**TASK INSTRUCTIONS**
The answer must consist of every line in the records that contains the word "aged".

**DATA FOR THIS TASK**
-------

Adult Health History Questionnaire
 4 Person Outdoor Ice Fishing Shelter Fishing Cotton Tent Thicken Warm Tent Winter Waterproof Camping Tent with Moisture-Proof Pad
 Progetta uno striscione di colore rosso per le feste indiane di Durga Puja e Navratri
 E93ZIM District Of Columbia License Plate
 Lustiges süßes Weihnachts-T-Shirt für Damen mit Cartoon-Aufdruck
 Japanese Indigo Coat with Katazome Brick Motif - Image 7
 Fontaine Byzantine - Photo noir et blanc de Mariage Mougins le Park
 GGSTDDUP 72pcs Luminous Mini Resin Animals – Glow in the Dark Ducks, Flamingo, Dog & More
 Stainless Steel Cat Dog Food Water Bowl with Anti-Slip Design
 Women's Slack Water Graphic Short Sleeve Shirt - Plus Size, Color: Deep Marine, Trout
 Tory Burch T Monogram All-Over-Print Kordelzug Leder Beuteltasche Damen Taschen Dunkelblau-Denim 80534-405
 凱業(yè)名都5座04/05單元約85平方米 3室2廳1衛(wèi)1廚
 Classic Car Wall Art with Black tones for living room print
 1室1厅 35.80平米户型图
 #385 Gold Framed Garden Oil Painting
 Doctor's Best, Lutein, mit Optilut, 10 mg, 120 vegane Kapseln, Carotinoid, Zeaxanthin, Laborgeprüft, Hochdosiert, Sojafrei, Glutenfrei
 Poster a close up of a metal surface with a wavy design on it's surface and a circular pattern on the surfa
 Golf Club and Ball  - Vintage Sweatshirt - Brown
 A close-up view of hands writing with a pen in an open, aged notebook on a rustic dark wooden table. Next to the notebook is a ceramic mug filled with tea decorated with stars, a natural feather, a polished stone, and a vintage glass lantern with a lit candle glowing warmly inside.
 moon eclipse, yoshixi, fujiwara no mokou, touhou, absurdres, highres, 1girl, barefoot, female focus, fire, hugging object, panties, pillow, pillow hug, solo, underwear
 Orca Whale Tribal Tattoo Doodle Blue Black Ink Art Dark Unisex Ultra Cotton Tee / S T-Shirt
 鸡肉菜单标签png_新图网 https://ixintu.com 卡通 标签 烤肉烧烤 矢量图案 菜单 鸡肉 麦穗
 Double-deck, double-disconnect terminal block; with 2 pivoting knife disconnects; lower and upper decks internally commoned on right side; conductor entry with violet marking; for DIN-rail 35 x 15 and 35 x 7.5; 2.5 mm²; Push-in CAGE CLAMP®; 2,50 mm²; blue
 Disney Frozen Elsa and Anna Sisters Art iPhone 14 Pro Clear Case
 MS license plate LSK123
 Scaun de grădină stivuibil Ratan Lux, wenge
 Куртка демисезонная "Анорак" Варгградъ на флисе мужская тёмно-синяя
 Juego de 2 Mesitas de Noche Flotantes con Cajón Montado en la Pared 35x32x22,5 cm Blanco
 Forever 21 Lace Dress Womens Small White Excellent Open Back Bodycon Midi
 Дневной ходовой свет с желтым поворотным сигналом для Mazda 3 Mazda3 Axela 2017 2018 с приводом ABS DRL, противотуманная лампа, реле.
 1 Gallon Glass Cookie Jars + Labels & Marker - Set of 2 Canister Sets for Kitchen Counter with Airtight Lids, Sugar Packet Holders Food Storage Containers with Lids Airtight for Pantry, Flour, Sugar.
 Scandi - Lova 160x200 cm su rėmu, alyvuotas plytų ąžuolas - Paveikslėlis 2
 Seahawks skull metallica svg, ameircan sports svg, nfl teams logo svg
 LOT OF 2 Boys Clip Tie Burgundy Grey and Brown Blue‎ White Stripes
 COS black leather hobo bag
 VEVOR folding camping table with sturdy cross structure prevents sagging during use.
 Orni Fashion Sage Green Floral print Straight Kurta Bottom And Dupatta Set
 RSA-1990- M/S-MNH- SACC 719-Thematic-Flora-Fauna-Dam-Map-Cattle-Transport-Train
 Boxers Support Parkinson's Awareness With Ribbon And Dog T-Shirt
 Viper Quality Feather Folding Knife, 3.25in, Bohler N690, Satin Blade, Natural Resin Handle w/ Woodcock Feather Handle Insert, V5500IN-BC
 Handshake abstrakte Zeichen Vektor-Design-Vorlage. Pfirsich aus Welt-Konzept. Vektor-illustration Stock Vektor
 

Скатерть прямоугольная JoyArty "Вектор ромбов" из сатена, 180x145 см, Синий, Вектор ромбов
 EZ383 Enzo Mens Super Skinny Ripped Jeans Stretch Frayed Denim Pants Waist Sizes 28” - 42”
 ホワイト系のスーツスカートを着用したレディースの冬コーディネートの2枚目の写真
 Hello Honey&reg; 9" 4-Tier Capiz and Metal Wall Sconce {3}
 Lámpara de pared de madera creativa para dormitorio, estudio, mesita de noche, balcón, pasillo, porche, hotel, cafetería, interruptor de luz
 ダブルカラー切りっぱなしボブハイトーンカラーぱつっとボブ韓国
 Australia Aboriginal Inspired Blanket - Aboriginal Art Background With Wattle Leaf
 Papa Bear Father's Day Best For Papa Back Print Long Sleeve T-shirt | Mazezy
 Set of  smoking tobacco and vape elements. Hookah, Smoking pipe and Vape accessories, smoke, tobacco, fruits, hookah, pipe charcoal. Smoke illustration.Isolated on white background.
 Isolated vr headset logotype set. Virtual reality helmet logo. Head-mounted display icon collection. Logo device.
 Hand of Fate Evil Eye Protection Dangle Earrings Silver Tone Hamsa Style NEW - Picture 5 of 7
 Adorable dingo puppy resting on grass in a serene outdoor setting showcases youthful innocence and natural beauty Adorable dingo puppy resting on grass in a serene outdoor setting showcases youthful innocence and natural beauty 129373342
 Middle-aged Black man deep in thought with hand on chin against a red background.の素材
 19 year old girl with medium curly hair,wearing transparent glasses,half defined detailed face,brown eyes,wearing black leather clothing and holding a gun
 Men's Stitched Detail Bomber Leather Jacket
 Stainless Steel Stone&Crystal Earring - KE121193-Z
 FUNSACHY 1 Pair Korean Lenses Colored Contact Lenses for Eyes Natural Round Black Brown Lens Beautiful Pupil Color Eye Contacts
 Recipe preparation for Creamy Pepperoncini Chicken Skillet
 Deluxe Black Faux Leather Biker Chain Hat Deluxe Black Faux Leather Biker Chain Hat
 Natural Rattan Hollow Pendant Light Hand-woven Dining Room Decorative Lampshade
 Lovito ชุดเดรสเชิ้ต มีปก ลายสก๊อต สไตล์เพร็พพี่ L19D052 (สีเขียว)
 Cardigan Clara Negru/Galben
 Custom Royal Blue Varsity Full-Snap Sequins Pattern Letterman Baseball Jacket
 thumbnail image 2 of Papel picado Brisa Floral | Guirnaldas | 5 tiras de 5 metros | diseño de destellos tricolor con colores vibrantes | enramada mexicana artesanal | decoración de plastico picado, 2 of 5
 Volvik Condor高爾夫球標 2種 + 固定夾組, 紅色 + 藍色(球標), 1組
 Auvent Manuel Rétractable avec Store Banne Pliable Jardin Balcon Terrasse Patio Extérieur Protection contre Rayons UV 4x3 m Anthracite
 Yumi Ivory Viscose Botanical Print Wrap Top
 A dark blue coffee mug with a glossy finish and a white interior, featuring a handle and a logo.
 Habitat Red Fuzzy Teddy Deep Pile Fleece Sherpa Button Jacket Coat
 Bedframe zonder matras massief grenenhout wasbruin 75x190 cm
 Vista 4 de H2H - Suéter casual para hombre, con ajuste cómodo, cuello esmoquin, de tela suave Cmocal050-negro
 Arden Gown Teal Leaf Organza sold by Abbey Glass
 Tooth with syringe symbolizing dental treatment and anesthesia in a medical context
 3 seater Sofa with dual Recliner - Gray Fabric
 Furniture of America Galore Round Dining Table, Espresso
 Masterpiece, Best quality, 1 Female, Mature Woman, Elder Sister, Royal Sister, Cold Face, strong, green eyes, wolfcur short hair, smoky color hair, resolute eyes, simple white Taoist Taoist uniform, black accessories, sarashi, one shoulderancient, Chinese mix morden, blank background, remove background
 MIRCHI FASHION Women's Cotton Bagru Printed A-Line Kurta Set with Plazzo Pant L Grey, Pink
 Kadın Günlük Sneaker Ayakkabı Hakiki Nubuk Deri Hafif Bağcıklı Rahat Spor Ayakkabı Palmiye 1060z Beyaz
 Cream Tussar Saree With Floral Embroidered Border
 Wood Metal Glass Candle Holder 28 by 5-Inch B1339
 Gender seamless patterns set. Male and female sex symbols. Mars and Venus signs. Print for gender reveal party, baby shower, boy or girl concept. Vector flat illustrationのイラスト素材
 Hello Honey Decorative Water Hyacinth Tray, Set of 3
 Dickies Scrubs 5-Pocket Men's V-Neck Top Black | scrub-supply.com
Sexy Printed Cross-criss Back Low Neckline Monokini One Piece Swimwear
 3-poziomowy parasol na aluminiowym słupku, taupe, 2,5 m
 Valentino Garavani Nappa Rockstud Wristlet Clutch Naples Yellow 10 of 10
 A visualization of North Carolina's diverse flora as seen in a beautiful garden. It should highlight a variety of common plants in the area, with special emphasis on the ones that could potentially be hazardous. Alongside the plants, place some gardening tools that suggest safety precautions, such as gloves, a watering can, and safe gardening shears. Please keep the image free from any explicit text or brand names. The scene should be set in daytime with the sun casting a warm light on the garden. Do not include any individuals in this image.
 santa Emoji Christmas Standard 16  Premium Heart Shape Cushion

-------

**REPLY TO THE EXERCISE**
 A close-up view of hands writing with a pen in an open, aged notebook on a rustic dark wooden table. Next to the notebook is a ceramic mug filled with tea decorated with stars, a natural feather, a polished stone, and a vintage glass lantern with a lit candle glowing warmly inside.
 Middle-aged Black man deep in thought with hand on chin against a red background.の素材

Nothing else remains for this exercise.